Together, the CEOs coined the concept of the editor-author conversations, which will   feature a wide range of authors and editors across different genres.

‘It’s a project we’re both passionate about, so it’s great to see it come to fruition,’ Sarah says.

Karen says: ‘The idea of editors and authors working together has been a long time coming, starting when I knew Sarah at the Australian Publishers Association. We’ve often spoken about a collaboration about it. Once she became CEO of the BWF, we knew we’d find the best vehicle for it.

‘I’d really like to give Sarah kudos for her recognition of editors; because of her insight and general inclusiveness she’s put editors and IPEd at the forefront of work like the Australian Inclusive Publishing Initiative. So IPEd (and I) are thrilled to have the opportunity to keep working with Sarah.’
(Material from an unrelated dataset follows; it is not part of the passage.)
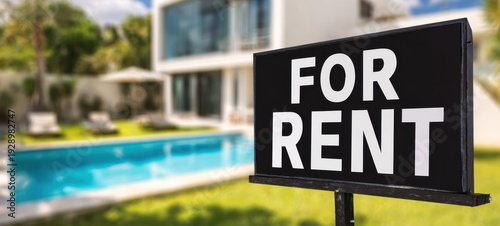 The For Rent sign in front of a modern house with inviting backyard pool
The conversations program is:

  • Mem Fox and Jane Covernton (Possum Magic) — 18 February
  • Robert Watkins and Maxine Beneba Clark (Foreign Soil) — 18 March
  • Grace Lucas-Pennington and Nardi Simpson (Indigenous emerging writer, Song of the Crocodile) — 15 April
  • Catherine Milne and Meg Mason (two books, including Meg’s latest, Sorrow and Bliss) — 20 May
  • Anne-Marie Te Whiu and Tony Birch (poetry Red Room) — 17 June
  • Ashley Hay and James Bradley (collaboration over time) — 15 July
  • Patrick Mangan and Vivian Pham (emerging writer) — 19 August
  • Mandy Brett and Jock Serong (collaboration over time) — 16 September
  • poet (awaiting confirmation) — 14 October
  • mid-career genre writer (awaiting confirmation) — 18 November.

Authors and Editors in Conversation will dovetail with a panel session of authors and editors during the 59th BWF on 7–9 May at the State Library of Queensland, Brisbane.

The panel will include Craig Munro, author of the 2015 publishing memoir Under Cover: Adventures in the art of editing, which brings to life his years as UQP’s inaugural fiction editor and then publishing manager.

Craig’s new book, Literary Lion Tamers – Book editors who made publishing history, is published by Scribe this month.